I've been noticing lately that small animals like termites-- that sounds odd, doesn't it, since we usually don't call insects animals, though obviously they are-- can do tremendous damage to objects much larger themselves, and at amazing speed. A few months back I noticed that a beaver (and I think it was a single beaver) had been taking down first saplings and then grown trees (in an area of wetlands reclamation). But of course anyone who has had squirrels aiming to move into their house will know what I'm talking about. The termites, beaver, and squirrels have no notion of doing damage inconvenient to, say, humans. And of course, conversely, all the necessary, beneficial things animals do for us-- think of bees-- is incidental to their purposes as well. It's a different way to think about "nature" (a construct that gets pretty shaky whenever I start to ask myself whether such a concept is in any way meaningful)-- maybe a much more meaningful focus than that of the long-time romantic focus characterized by the phrase "bloody in tooth and claw." Kind of like the difference between historians who see human history as an abstract construction trying to represent an extremely complex set of extremely complex relations on the one hand, and history as a record of the acts and speech of Great Men, who supposedly determine what kind of lives (and for how long) the rest of us live.
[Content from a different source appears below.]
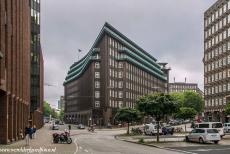 Speicherstadt en Kontorhausviertel in Hamburg - Speicherstadt en Kontorhaus-district met het Chilehaus in Hamburg: Het opvallende Chilehaus werd ontworpen door de architect Fritz Höger. Hij...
Well I'll back the termites over Donald Trump, for instance, any day.
But I didn't start this post with the idea of nattering on about termites. Rather, I wanted to say that I'm on sabbatical, for two months, from Aqueduct Press, which Kath, Tom, and Arrate are generously making possible. One side-effect of having become a publisher is that I haven't had the mental space to work on my own novels. I've had one novel nearly finished since around the time I started Aqueduct, which I just have not been able to finish in the two- or three-week artist residencies I've had over the last few years. And I have a few other novel manuscripts dating from the late 80s and early 90s that Kath and others have been urging me to publish, but that need a bit of work--in one case, a major restructuring--before they're ready for publication. One thing about working on a manuscript I haven't picked up in years is that I can look at it now as though it had been written by someone else. And since I've had a lot of practice reading other people's novel mss since starting Aqueduct, my attitude toward revising my own work has become, how shall I say, authoritative. And because it's my own work, I can be positively lavish in employing my red pen and demanding enormous deletions and substantial rewriting. Need I say that I'm enjoying myself immensely?
Of course I still love Aqueduct and its mission. But it's good sometimes to take a break, especially when doing one thing has been preventing you from doing something else that's also important to you.